I'm really excited about going to China in a few days, but also getting sad about saying goodbye to Zadie. I'll be in China for four weeks and Tori and Skip will come for three weeks. Zadie, on the other hand, will stay with Grandma Linda for a week and Grandma Denise for two weeks. I know that Zadie will have a great time with her grandmas and won't really miss us, but we'll definitely miss her!
Zadie, in case you're reading this many years later and want to know why we chose to take Skip and not you, it's for a number of reasons. We wish we could have taken the whole family, but I think that would have been really difficult to manage, especially because a lot happens in China from 7-10pm (outdoor barbecue!) and we didn't want to be stuck at home with our sleeping children. We figure we can put Skip to sleep on our chest and take him with us. Also, we thought Skip was going to be free since he's under two years old -- but it turns out that on international flights you have to pay a certain percentage for infants, so he's not entirely free. Lastly, you are used to going to the park everyday and having lots of wide open spaces to run in, which there just aren't a lot of in China. I think you'll have way more fun with your grandmas. Just wanted to put this all out there in case you wonder later on. We look forward to going on future trips with you, that's for sure.
We've really tried to raise Zadie so that she would be comfortable spending time with others when we're not there, and I think we've definitely succeeded in that respect! Sometimes I wish she would be a little bit more sad when she left us, but overall I'm glad that she's more independent than that. Skip is a little less independent at this point, but I think that's because we didn't remember to work as hard on getting him used to being with other people (sorry, second child!). He is particularly attached to Tori. Then again, when he's gone to my parents house for the weekend I don't think he misses us for one second.
So the point of this post was really to say that I'm getting sad about saying goodbye to Zadie.
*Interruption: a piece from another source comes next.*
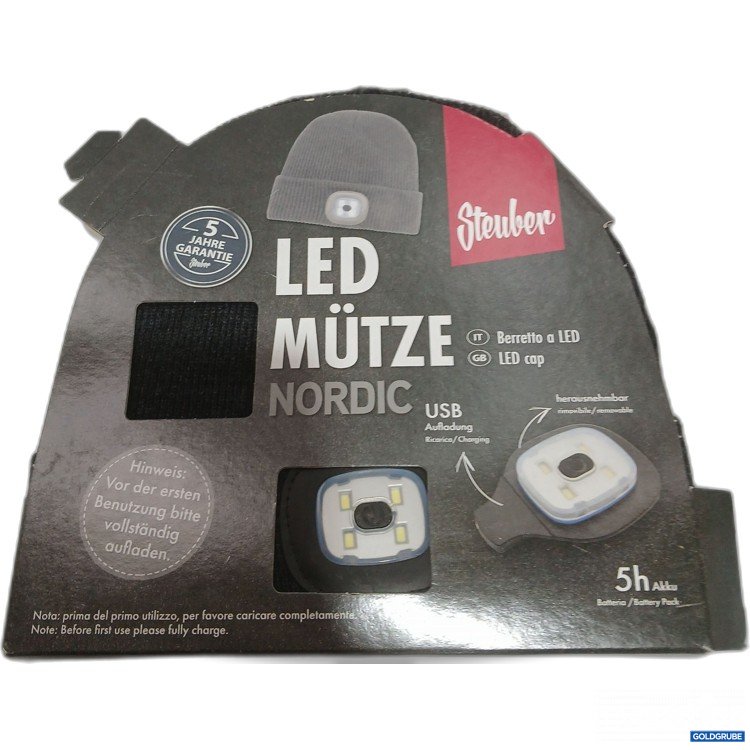 Artikel Nr. 523302: Steuber LED Mütze Nordic one size Schwarz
Maybe since I'm going to be saying goodbye, I suddenly think she's in a way cuter phase lately. She's OBSESSED with playing hide and go seek and she's really funny about it. Some of her favorite hiding spots include hiding under the couch with half of her body hanging out. And I typically have to cough in order to have her find me because she's not the best looker. But she plays with relish! I'm also really enjoying spending time with her because she speaks in full sentences and cracks me up. Lately she's been telling me, "That's not polite, Mommy" or "People don't like to be tickled, Mommy." Funny!